By the end of this lab you will have a local SQLite database, shop.db, holding a small online-bookstore dataset, plus a set of Python scripts that answer a real analytical question: which customer generated the most completed-order revenue, and how does the engine plan that lookup? You will build the query in layers — join, aggregate, rank — then read its execution plan and add an index that changes it. Everything uses Python's standard-library sqlite3 module: no server, no install, no cost.

Skills exercised:

  • Joining three related tables without dropping or double-counting rows
  • Aggregating revenue with GROUP BY and a completed-orders filter
  • Ranking groups with a RANK() window function
  • Reading an execution plan and adding an index that turns a scan into a search

Prerequisites and setup

Prerequisites: the three lessons in this course — Joins and Set Operations, Aggregation and Window Functions, and Query Performance and EXPLAIN.

Setup: you need Python 3.10 or newer. The sqlite3 module ships with Python, so there is nothing to install. Verify your version and create a working folder.

python3 --version
mkdir de102-sql-lab && cd de102-sql-lab

Expected output from the version command is a line like Python 3.12.10. If the command is not found, install Python from python.org before continuing. In the steps below, use python3 on macOS/Linux and python on Windows.

info

This lab uses window functions, which require the SQLite library bundled with Python to be version 3.25 or newer. Any Python 3.10+ from python.org already meets this. To check, run python3 -c "import sqlite3; print(sqlite3.sqlite_version)" — you need 3.25.0 or higher.

note

Every step writes a small Python file and reads or writes shop.db in this one folder.

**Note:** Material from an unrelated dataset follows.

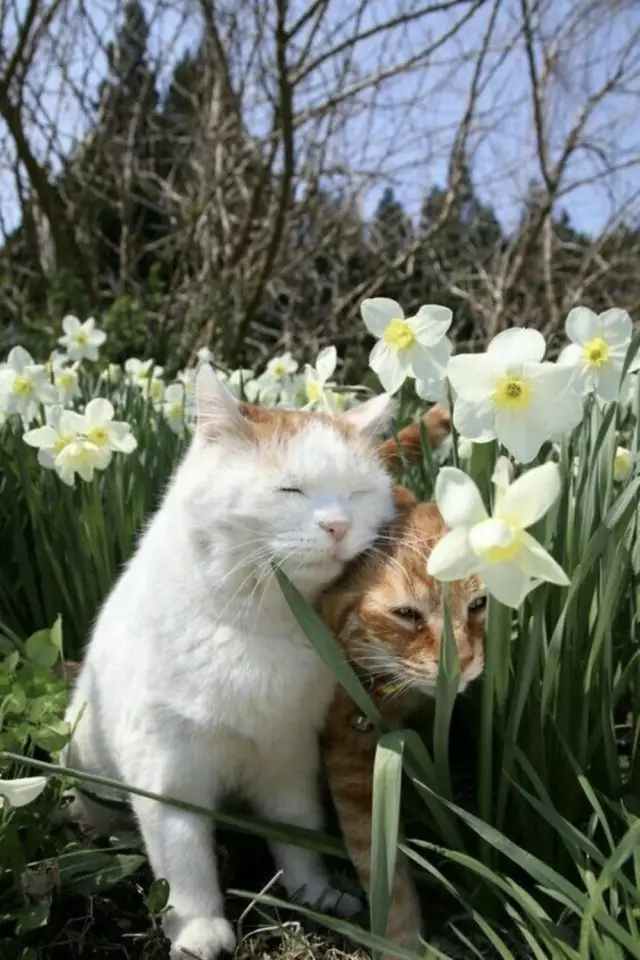 lifestyle chat jardin printemps fleurs jonquille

If you close your terminal and come back, re-run the cd de102-sql-lab command to return to it; shop.db and your scripts are still there, so you can resume at the step you left off.

Step 1 — Create the database and load the data

Goal: build shop.db with three tables — customers, orders, and order items — and confirm the row counts.

Save this exactly as build_db.py:

"""Create shop.db: a small online-bookstore dataset for the lab."""
import sqlite3

con = sqlite3.connect("shop.db")
con.executescript("""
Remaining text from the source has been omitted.